Her new video for “My Sex” isn’t average. It’s a rap posse cut with plenty of industrial bass and nu-metal guitar noise for Candy to scream declarations over (“my sex has no gender”) but never come-ons. Mykki Blanco drops by to deliver a killer verse that rhymes feces and name drops Anna Nicole Smith, and one of the members of Pussy Riot raps a verse entirely in Russian. The computer-generated video is full of naked elves covered in tattoos, squirming worms, and dicks in variety of flesh tones.
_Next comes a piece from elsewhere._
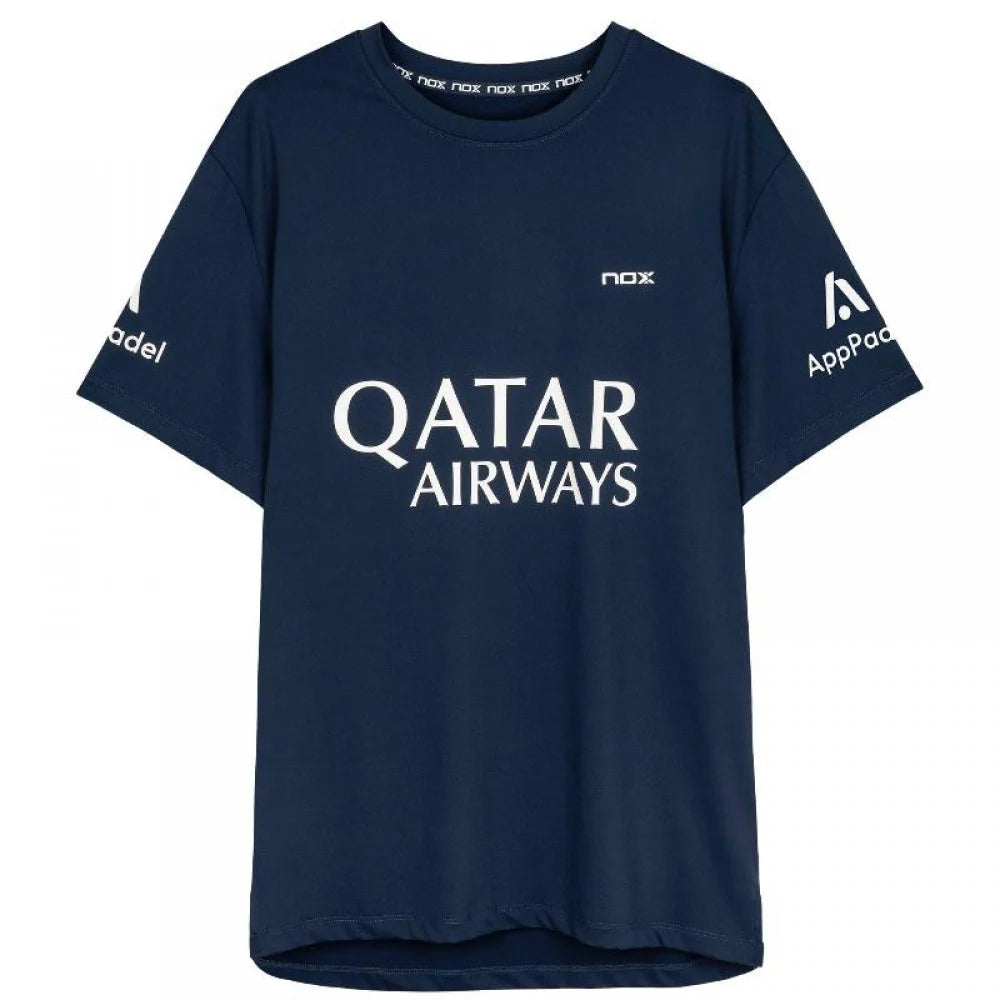 Nox Agustin Tapia sponsorise le T-shirt AT10 Bleu 2024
The bonkers result wouldn’t be out of place projected on the wall of a queer warehouse rave at 3am.

“My Sex,” along with the song “War,” finds Brooke Candy pushing herself to new places, coupling her penchant for aggressive visuals with harsher sounds. MNDR is responsible for production on both tracks, and she says in the press release for the song that the current political climate is what drove Brooke Candy to make such confrontational bangers: “After running into her at an anti-hate rally (post Charlottesville tragedy) she told me how angry she was and asked if I’d produce some music to help her express how she felt.”

I had personally written off Brooke Candy—the conversations around her appropriation of black culture were too loud to ignore, and the music just wasn’t good either. But at the end of last year her verse on Charli XCX’s “I Got It” gave me pause, and these new songs/videos she’s putting our are sick enough to make me consider putting her back on my list of problematic faves.